In the dynamic transfer paradigm, the adaptation of models across domains is achieved by adapting models across samples. This approach transforms the challenge of multi-source domains into a single-source domain problem, simplifying the alignment between source and target data by requiring alignment with only segments of the merged source domains. This is significant as it allows the model to operate effectively without domain labels, surpassing existing state-of-the-art methods in performance with improvements surpassing 3% on DomainNet, a comprehensive multi-source domain adaptation dataset.

Methodology

The proposed method introduces dynamic residual transfer (DRT), which involves modulating model parameters dynamically based on input samples. This approach distinguishes itself from conventional static transfer methods that use fixed parameters. The dynamic aspect is realized by integrating residual matrices with a static convolution matrix, enabling the model to generate different configurations per input, thus effectively reducing domain barriers among source domains.

Dynamic networks are realized using a branching mechanism that computes dynamic coefficients to facilitate subspace routing, incorporating these coefficients to adjust the weights of convolutional kernels dynamically. Subspace routing within DRT is achieved by constructing a linear combination of static matrices and employing dynamic coefficients, allowing adaptable and sample-specific parameterization.

Experimental Results

The methodology is empirically validated on two datasets: Digit-Five and DomainNet. In both cases, dynamic residual transfer exhibits superior performance against various baseline models, including well-established domain adaptation techniques such as DANN, ADDA, and MCD. Specifically, on the Digit-Five dataset, DRT achieved an average gain exceeding that of the state-of-the-art by approximately 1%, underscoring its capability in handling significant domain variance.

The DomainNet experiments reinforce these findings, where DRT surpasses the state-of-the-art CMSS and shows a notable enhancement over traditional methods that rely on explicit domain information.
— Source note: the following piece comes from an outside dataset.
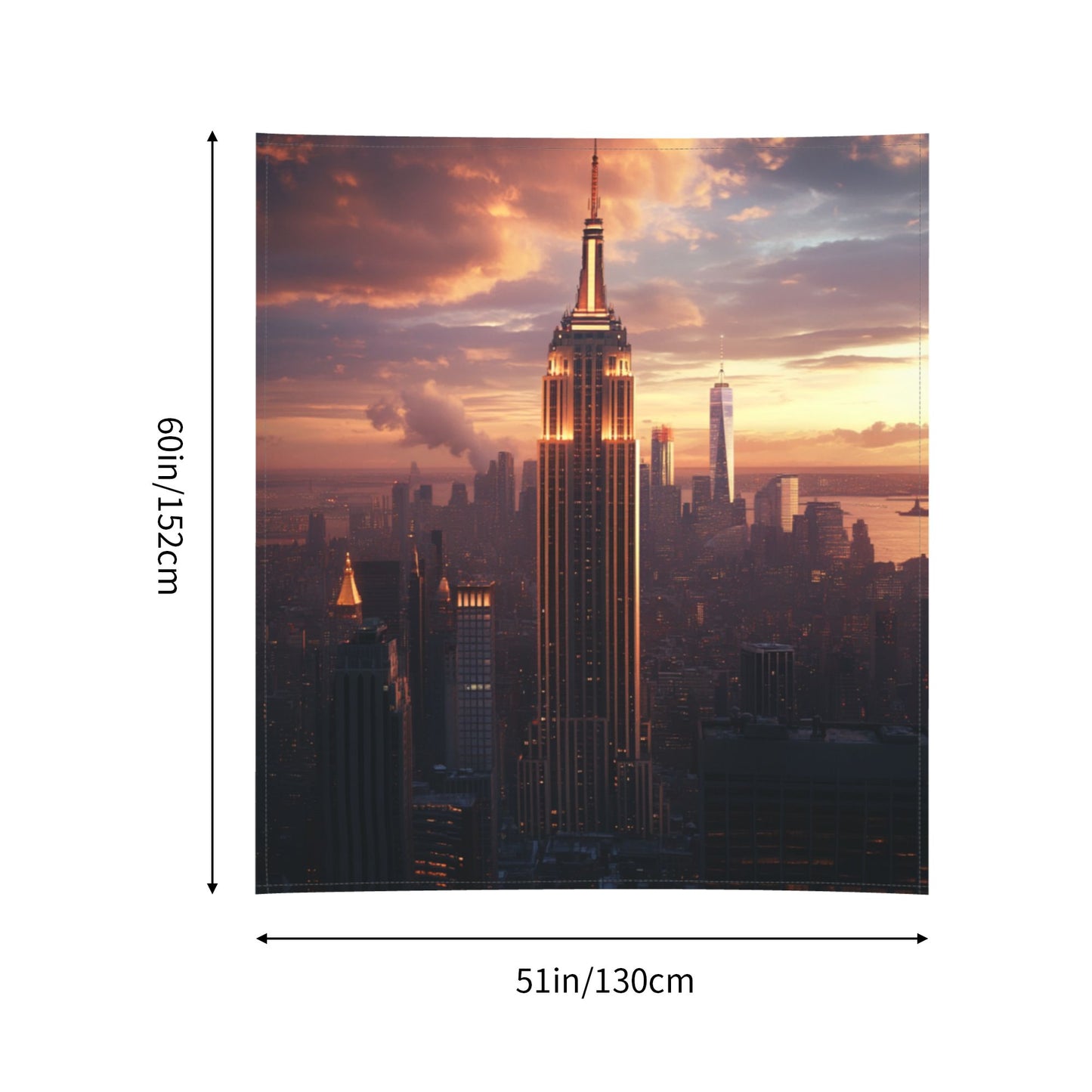 Empire State Building Sunset Wall Tapestry - 60x51 Inches, Urban Style Home Decor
With DRT's self-training variants, further gains are demonstrated, marking a robust performance across multiple target domains, highlighting the generalizability of the approach.
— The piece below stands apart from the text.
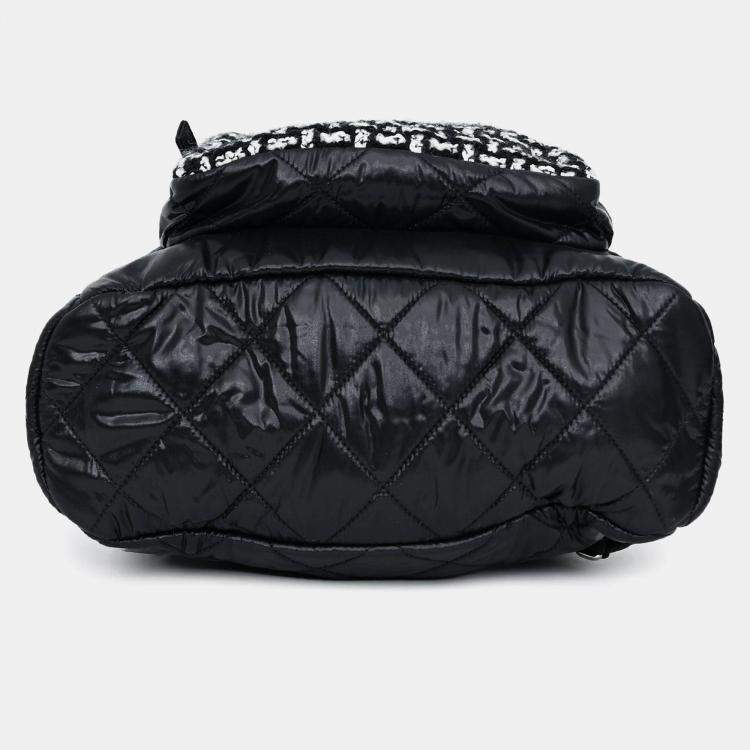 Pre Owned Chanel 2020 Black Nylon/Tweed Backpack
Implications and Future Work

Dynamic transfer represents a paradigm shift in how multi-source domain adaptation is conceptualized, prioritizing dynamic over static solutions. This work not only addresses immediate performance improvements but also suggests that the integration of dynamic adaptations can streamline domain alignment processes. Future research may focus on further optimizing dynamic coefficient generation methods and exploring adaptive architectures that might leverage variable computational budgets, thus expanding the practical applicability of dynamic transfer mechanisms in diverse deployment scenarios.

In conclusion, this paper offers a substantial contribution to the field by refining the approach to multi-source domain adaptation through dynamic residual transfers. The results underscore the benefit of dynamic modeling in navigating complex domain shifts, advocating for additional innovation in network adaptability and efficiency within AI research.